**Material provided**
BEGIN

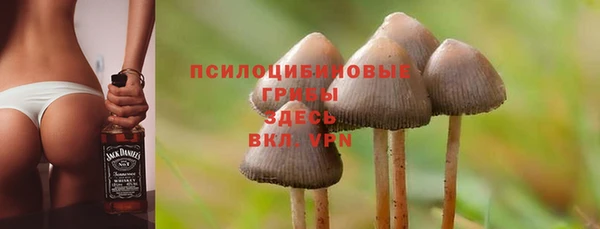 ALPHA PVP Дмитровск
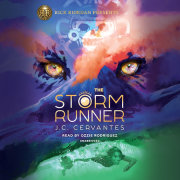 The Storm Runner 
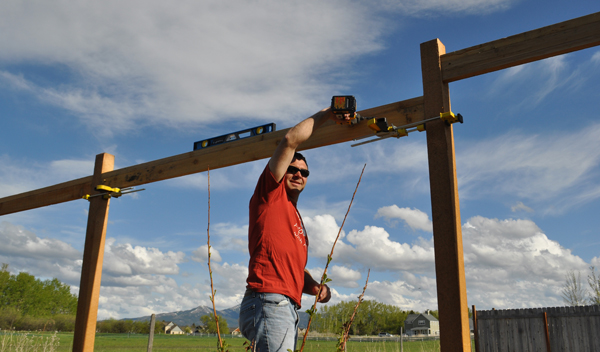 Cedar Fence Tutorial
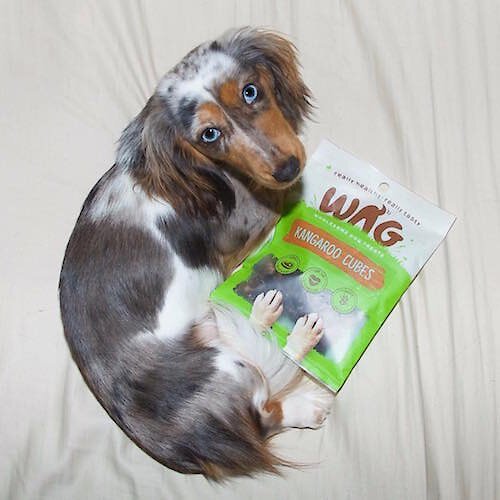 WAG Kangaroo Cubes Grain-Free Dog Treats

END

**Problem to solve**
Leave out the pictures and reproduce the rest of the listing exactly.

**Exercise solution**
 ALPHA PVP Дмитровск
 The Storm Runner 
 Cedar Fence Tutorial
 WAG Kangaroo Cubes Grain-Free Dog Treats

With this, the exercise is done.